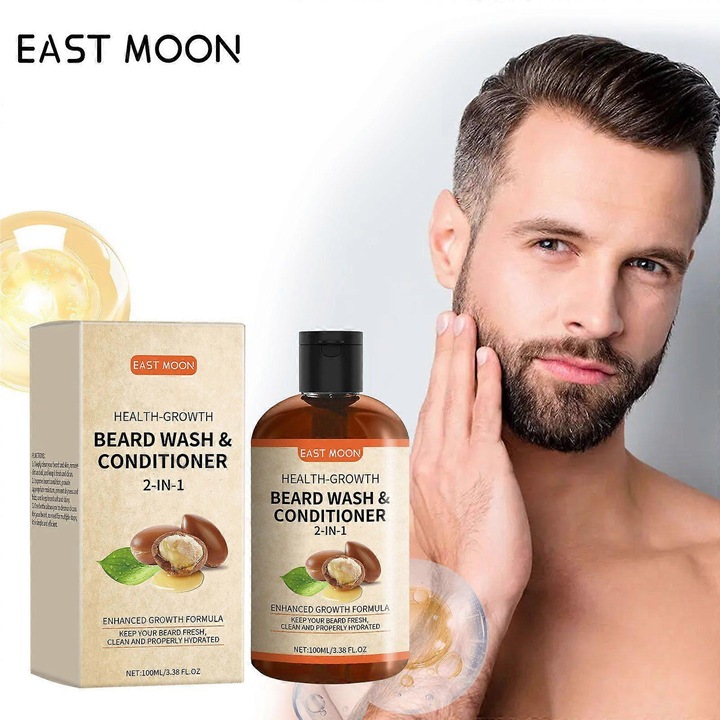 Sampon si balsam pentru barba 2 in 1 cu ulei de jojoba, ulei de argan si ulei de avocado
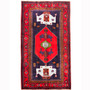 Bijar Persian Rug 8x4 ft - Semi Antique Medallion Crimson, Navy Blue Hand Knotted | front view | SKU 110369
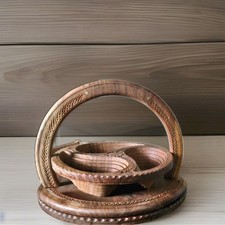 Vintage Hand-Carved Wooden Fruit Set with Rattan Gondola Basket, Made in Portugal (15" wide) — listing 5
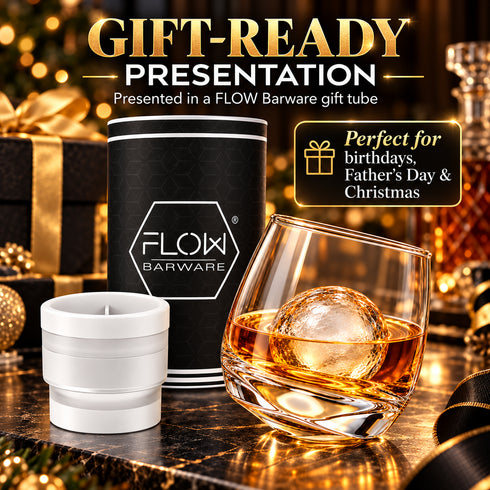 Rocking Whisky Glass & Ice Ball Mould Gift Set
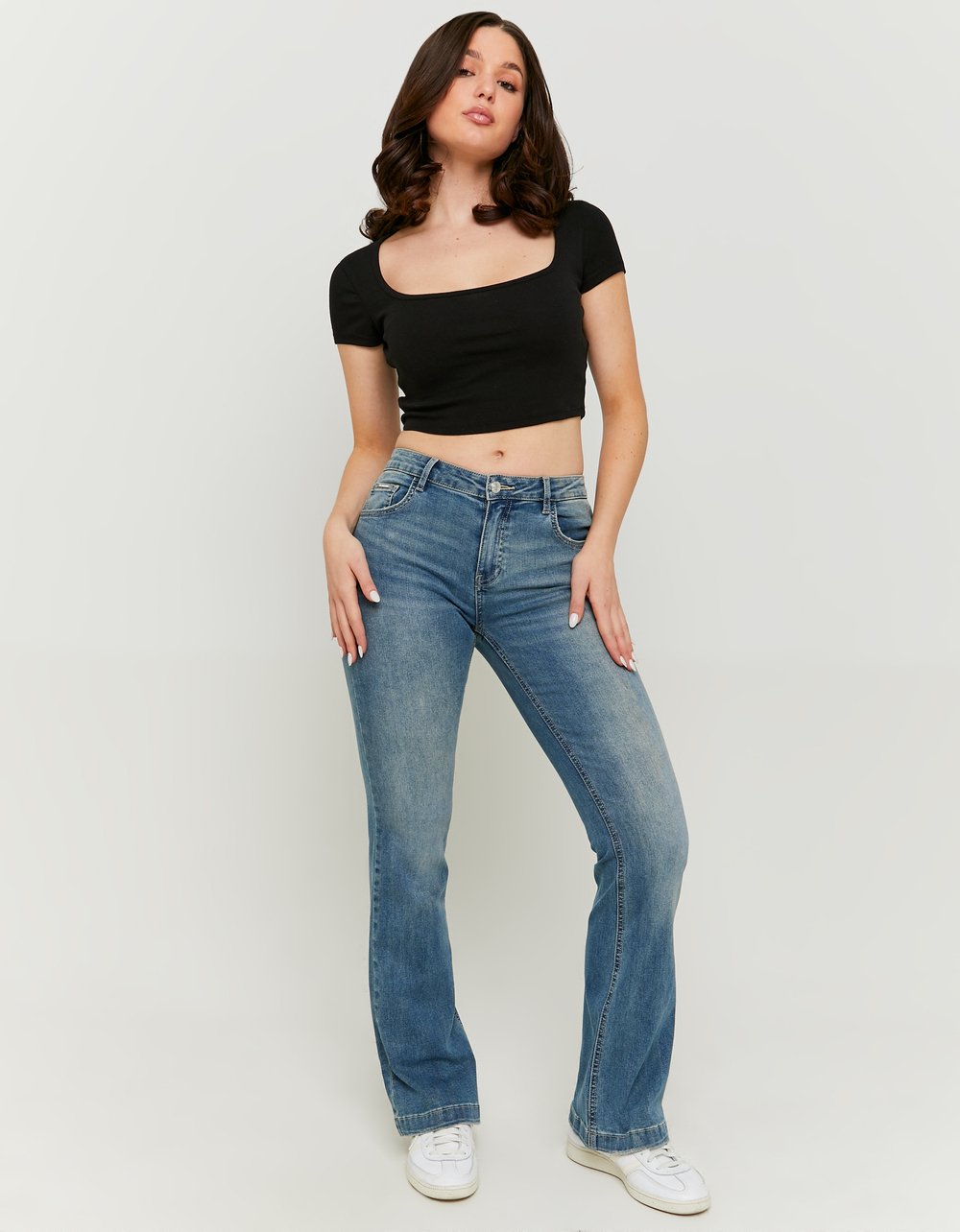 Ladies Blue Bootcut Mid Waist Jeans-Model Full Front View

* **Your goal**
When you reach the line that contains "Vintage Hand-Carved Wooden" in the records above, copy it and every line after it exactly through the last one, leaving out the pictures.

* **Solution**
 Vintage Hand-Carved Wooden Fruit Set with Rattan Gondola Basket, Made in Portugal (15" wide) — listing 5
 Rocking Whisky Glass & Ice Ball Mould Gift Set
 Ladies Blue Bootcut Mid Waist Jeans-Model Full Front View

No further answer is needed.